The answer is the line with "(inop)-allis-chalmers-farm-tractor-image-26" and every line after it to the end of the listing, retyped exactly. Pictures do not belong in it.

DATA SECTION

○ ○ ○ ○ ○

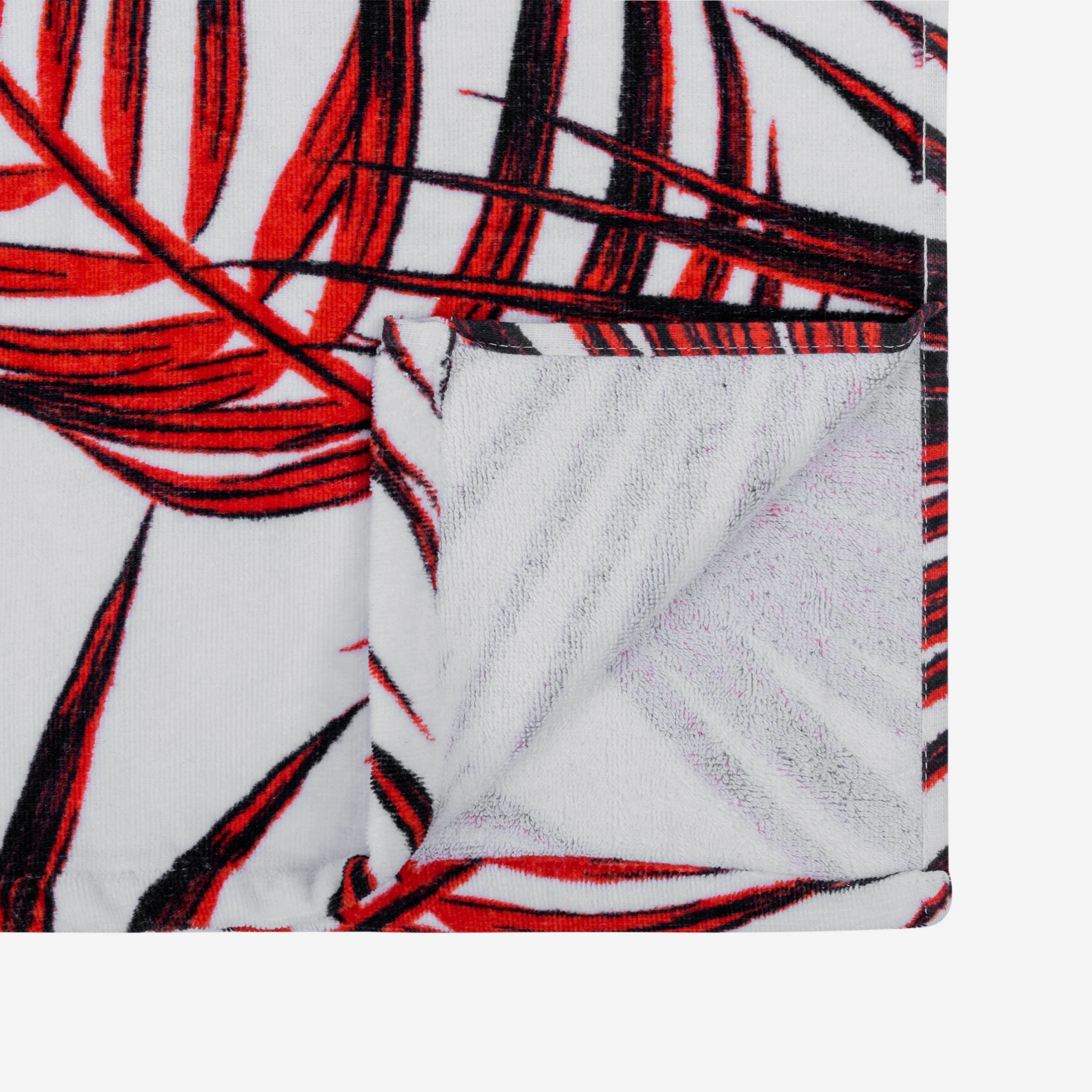 Fulham FC Leaf Beach Towel - Image 4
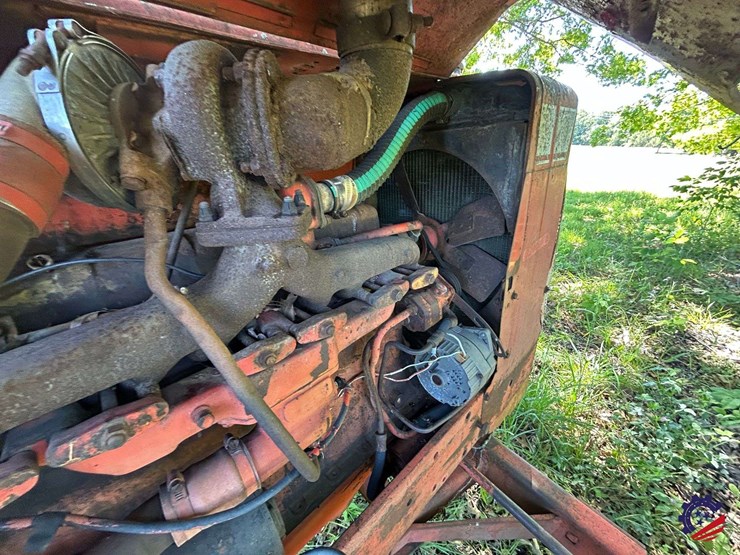 (inop)-allis-chalmers-farm-tractor-image-26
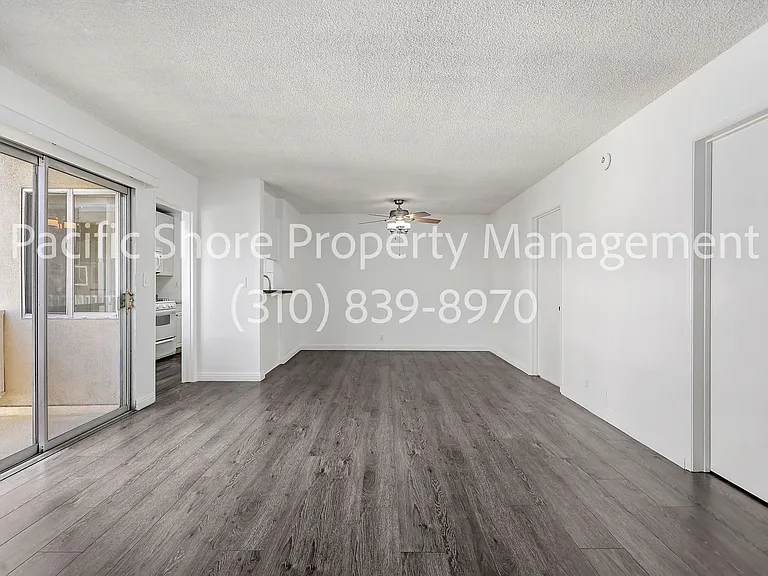 868 West Knoll Apartments — Photo 22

○ ○ ○ ○ ○

YOUR SOLUTION
 (inop)-allis-chalmers-farm-tractor-image-26
 868 West Knoll Apartments — Photo 22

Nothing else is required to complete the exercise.